Celestial navigation was big in those days before GPS. The Israelites were guided by a pillar of fire at night. On that night in Bethlehem some undocumented aliens—three guys on camels—were wandering around looking at the stars. Sure enough, they had drugs in their saddlebags. Stuff called frankincense and myrrh.
• Another fatal census was taken in 1937 in the Soviet Union. The numbers were too low to suit Premier Josef Stalin so he shot the members of the Census Board for “diminishing the population of the Soviet Union”. Somehow, the 1939 census takers found millions more Russians. Seems they had undercounts even then.
• In the 1940s, census data helped Nazis find European Jews.
THE U.S. CENSUS
The U.S. census is an essential part of our electoral process. The writers of the Constitution were creating a nation that would have an increasing number of states with increasing populations to be represented by an increasingly large Congress.

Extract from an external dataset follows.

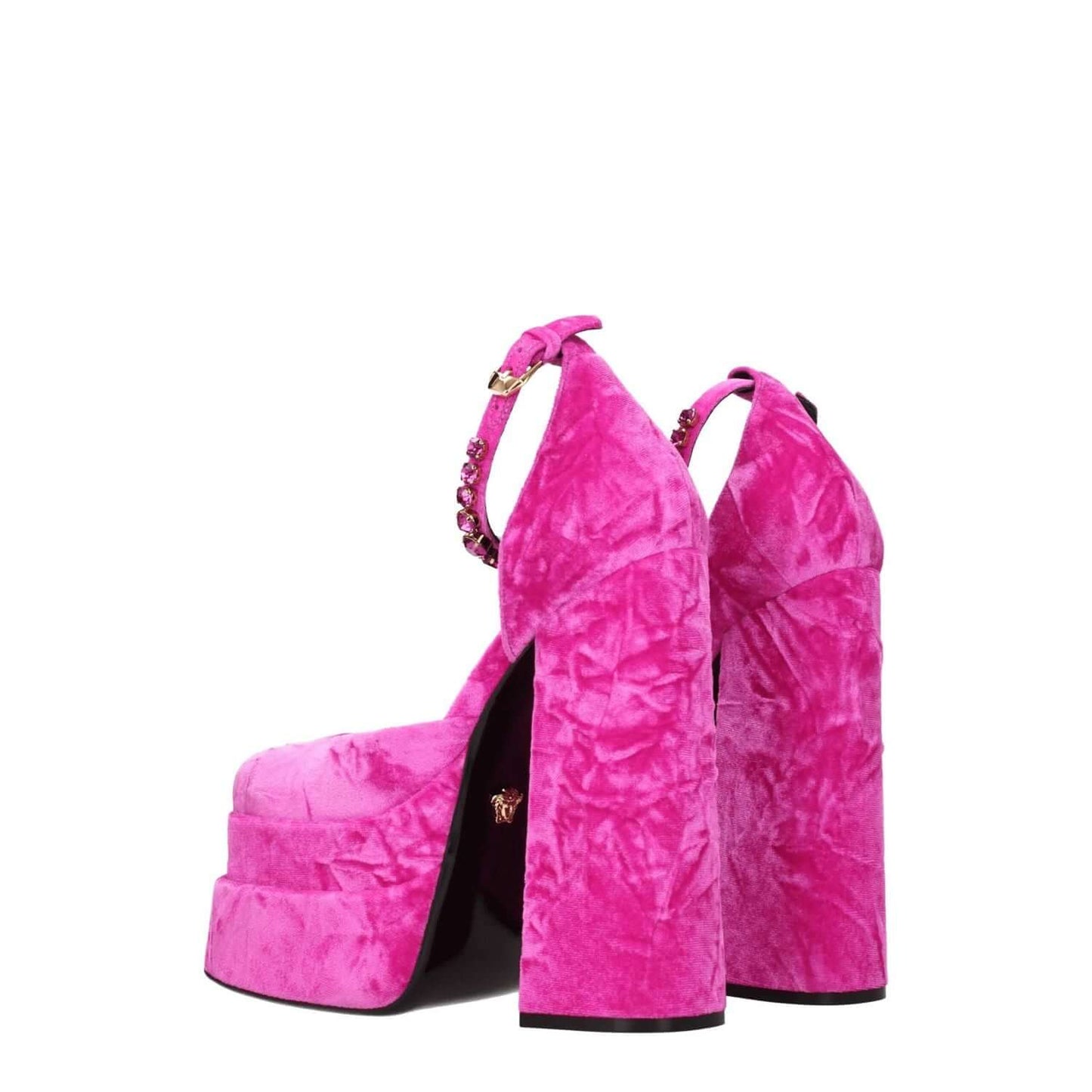 Versace Pink Velvet Platform Sandals 1728,75667636384,EU36.5/US6.5,EU36/US6,EU38.5/US8.5,EU38/US8,EU39/US9,EU40/US10,New with tags,Pink,Platforms - Sandals - Shoes,Sandals - Shoes,Shoes,Versace,Women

Our census, like the Numbers count, has also been used for military purposes:
• In the Civil War, General William Tecumseh Sherman used census maps to chart his March through Georgia to the Sea. The maps showed the number of whites, free blacks, and slaves in each county. They also showed how the army could live off the land: how many horses, mules, cattle, and how much wheat, corn, oats, and other crops on each farm.
“No military expedition was ever based of sounder or surer data,” Sherman wrote to his daughter Ellen. He could move faster than his foes because he didn’t need supply lines. Census figures helped Grant at Vicksburg just as they helped Moses in the desert.
• The 1940 census helped the Army round up and imprison U.S. citizens of Japanese descent in 1942. One of those internees, Norman Y. Mineta, became Secretary of Commerce and boss of the Census Bureau 60 years later. Mineta, when he was a California Congressman, passed a bill paying each surviving internee $20,000.
• The 2000 census helped the FBI to find Arab-Americans after the 9/11 attacks.
APPORTIONMENT AND THE ELECTORAL COLLEGE
Apportionment is as much about electing Presidents as about electing Congress. The Constitutional Convention built in a small-state bias into both processes by adopting the Connecticut Compromise. The Connecticut Compromise created our bicameral Congress: a Senate for the small states, a House of Representatives for the large ones.
The Constitution apportions three electoral votes to each of the fifty states and the District of Columbia states regardless of size. (Texas has never ratified the Twenty-Third Amendment giving three electoral votes to the District of Columbia.)
The small-state bias is created by the Constitutional apportionment of and, very slightly, by the “method of equal proportions”. For example, there are three times as many electors per resident of Wyoming, Vermont, and Alaska as there are of California, Texas, and New York.
APPORTIONMENT AND RECONSTRUCTION
Now comes one of those deliciously ironic episodes that make history fun!
“Wait a minute!” thought the Northern Republicans. “We won the Civil War, but we still have a Southern President. Now we’re going to give the Rebs the Capitol AND the White House? That’s what we put the three-fifths rule in the Constitution to prevent! We’ll fix that!”
Their efforts to do so were not impressive:
• The House impeached President Andrew Johnson for the “high crime and misdemeanor” of firing his Secretary of War (Stanton). Cooler heads prevailed in the Senate—by one vote. That’s what Senates are for. As we know from recent history, Presidential impeachment is not one of the things Republican Congresses do well.
Congress abolished slavery by the Thirteenth Amendment, thereby putting the other 40% into the apportionment base.
That would have given the Rebs sixteen more seats in Congress and electoral votes—enough to give the Democrats control of Congress and elect a President!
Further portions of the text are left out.